22nd & 24th Permanent Representative of the Philippines to the United Nations
- Incumbent
- Assumed office September 9, 2025
- President: Bongbong Marcos
- Preceded by: Antonio Manuel Lagdameo
- In office February 28, 2020 – July 1, 2022
- President: Rodrigo Duterte
- Preceded by: Teodoro Locsin Jr.
- Succeeded by: Antonio Manuel Lagdameo

28th Secretary of Foreign Affairs
- In office July 1, 2022 – July 1, 2025
- President: Bongbong Marcos
- Preceded by: Teodoro Locsin Jr.
- Succeeded by: Tess Lazaro
- Acting March 9, 2017 – May 17, 2017
- President: Rodrigo Duterte
- Preceded by: Perfecto Yasay Jr. (ad interim)
- Succeeded by: Alan Peter Cayetano

Undersecretary for Policy of the Department of Foreign Affairs
- In office April 30, 2016 – February 28, 2020
- President: Benigno Aquino III Rodrigo Duterte

Ambassador of the Philippines to the United Kingdom
- In office 2011–2016
- President: Benigno Aquino III
- Preceded by: Antonio Manuel Lagdameo
- Succeeded by: Evan Garcia

Personal details
- Born: Enrique Austria Manalo July 21, 1952 (age 74)
- Spouse: Pamela Louise Hunt
- Children: 2
- Alma mater: University of the Philippines Diliman (BEcon, M.Ec)

= Enrique Manalo =

Filipino diplomat (born 1952)

Enrique Austria Manalo (born July 21, 1952) is a Filipino diplomat serving as the 21st permanent representative of the Philippines to the United Nations since 2025, a role he previously held from 2020 to 2022. He also served as the 28th secretary of foreign affairs from 2022 to 2025 and held the role in an acting capacity from March to May 2017, under the Duterte administration.

A graduate of the University of the Philippines, Manalo entered the Department of Foreign Affairs (DFA) in 1979 and served in various senior roles and ambassadorships throughout his tenure in the agency. He served as an undersecretary for policy from 2007 to 2010 and returned to the role in 2016, serving until 2020. In 2017, Manalo briefly served as the acting foreign affairs secretary after the Commission on Appointments rejected the appointment of Perfecto Yasay Jr. over citizenship issues. In 2020, President Rodrigo Duterte appointed him as the permanent representative of the Philippines to the UN, a role he would hold for the rest of Duterte's presidency.

In July 2022, President Bongbong Marcos appointed him as foreign affairs secretary. During a cabinet reshuffle in May 2025, Marcos reassigned Manalo back to his former role as permanent representative to the UN, succeeding Antonio Manuel Lagdameo.

== Life and career ==
=== 1952–1992: Early life and education ===
Manalo was born on July 21, 1952 to diplomats Armando Manalo and Jimena Austria. Manalo attended the University of the Philippines, where he obtained both a bachelor's and a master's degree in economics. He entered the Department of Foreign Affairs (DFA) in 1979. He began his career in the foreign service as the special assistant to the Office of the Deputy Minister of Foreign Affairs from 1979 to 1981. Afterward, he completed his first tour of duty at the Philippine Mission to the United Nations in Geneva, Switzerland, serving there until 1986. From 1986 to 1989, he was the first secretary and consul at the Philippine Embassy in Washington, D.C., and then served as the special assistant to the DFA's first undersecretary until 1992.

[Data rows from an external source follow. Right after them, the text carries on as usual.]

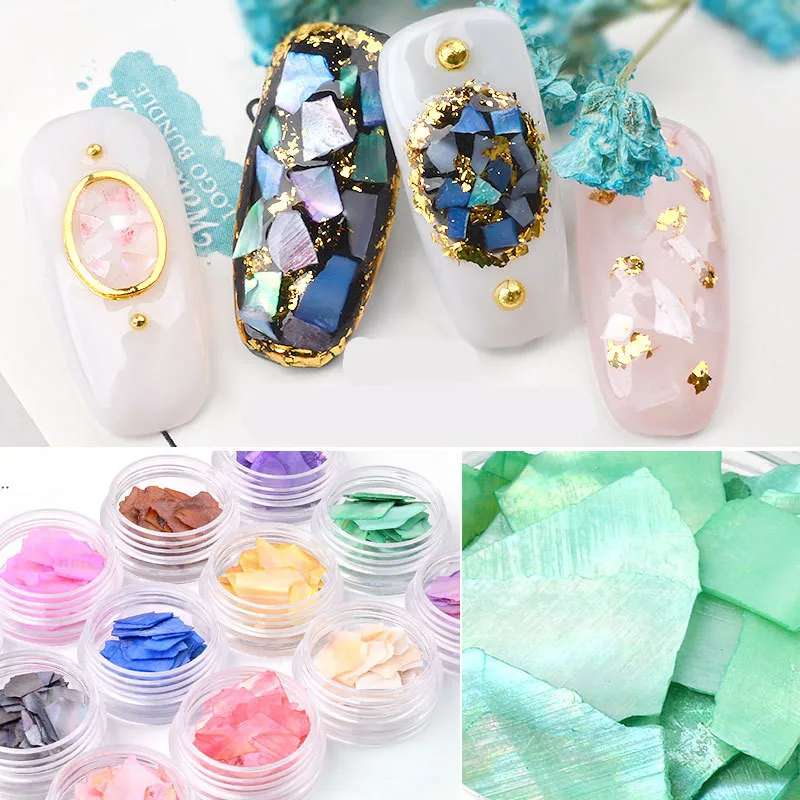 

12Pc Natural Colorful Pearl Light Nail SeaShell Slices Particle Crushed Shell Manicure Set Thin Nail Art Glitter Decoration Tool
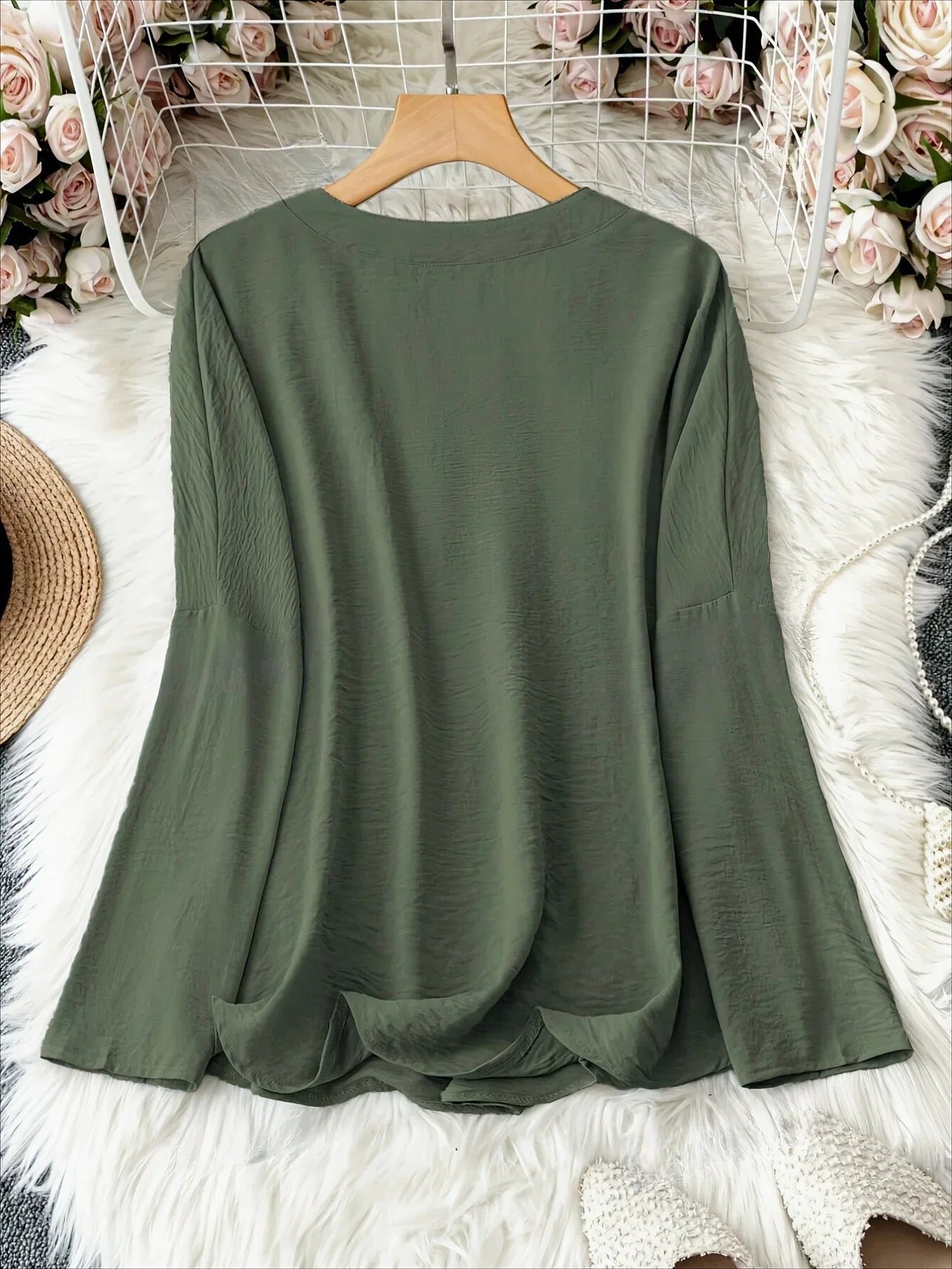 Plus Size 2025 New Casual Tops Women's Loose Long Sleeve Stand Collar T-shirts Polyester Fashion Female Apparel V-neck Clothing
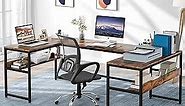 Tribesigns U- Shaped Desk with Bookshelf and Tilting Drawing Board, L Shaped Computer Desk Gaming Gamer Table Workstation Desk with 3 Desktop for Home Office (Rustic)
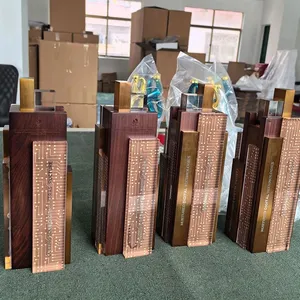 Custom Award Manufacturer in Shenzhen, China High-Quality, Creative Trophies Combining Wood, Metal, and Acrylic thumbnail-1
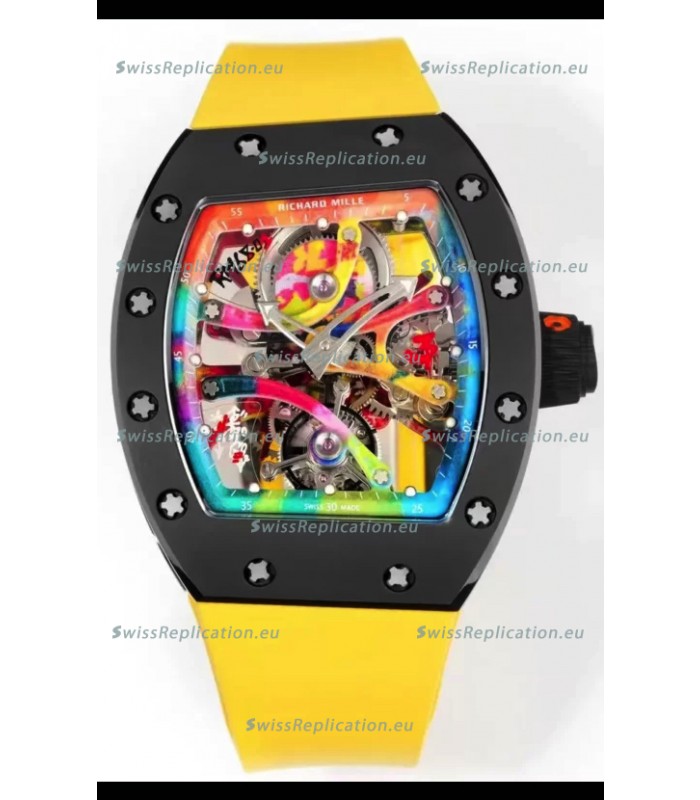 Richard Mille Super Clone RM68-01 Black Ceramic Casing Yellow Strap Tourbillon Swiss Replica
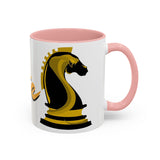 Tate Knight Logo Accent Coffee Mug 11oz 15oz Gold Foil Chess Horse Design Motivational Hustler Ceramic Cup Bold Luxury Inspired Streetwear Gift Drinkware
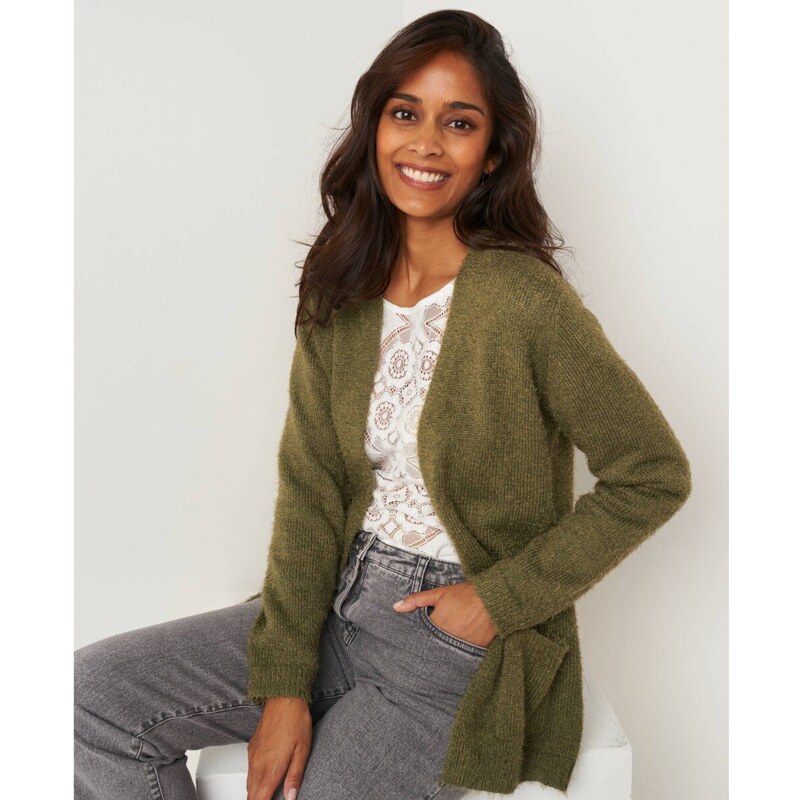 Dlhý sveter s vlasom khaki 036 Blancheporte 65543287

=== 1992–2016: Senior roles and ambassadorships ===
From 1992 to 1998, he was the minister counselor at the Philippine Mission to the United Nations in New York, and later served as the assistant secretary for European affairs. From 2000 to 2003, he returned to the same UN mission in New York as deputy permanent representative, with the rank of ambassador. On December 28, 2000, Manalo signed the Rome Statute, a treaty establishing the International Criminal Court, on behalf of the Philippines, although its ratification would only occur in 2011.

He then served as the permanent representative to the United Nations and other international organizations in Geneva from 2003 to 2007. Between 2005 and 2007, he also served as the elected chair of the 41st and 42nd sessions of the World Intellectual Property Organization (WIPO) General Assembly.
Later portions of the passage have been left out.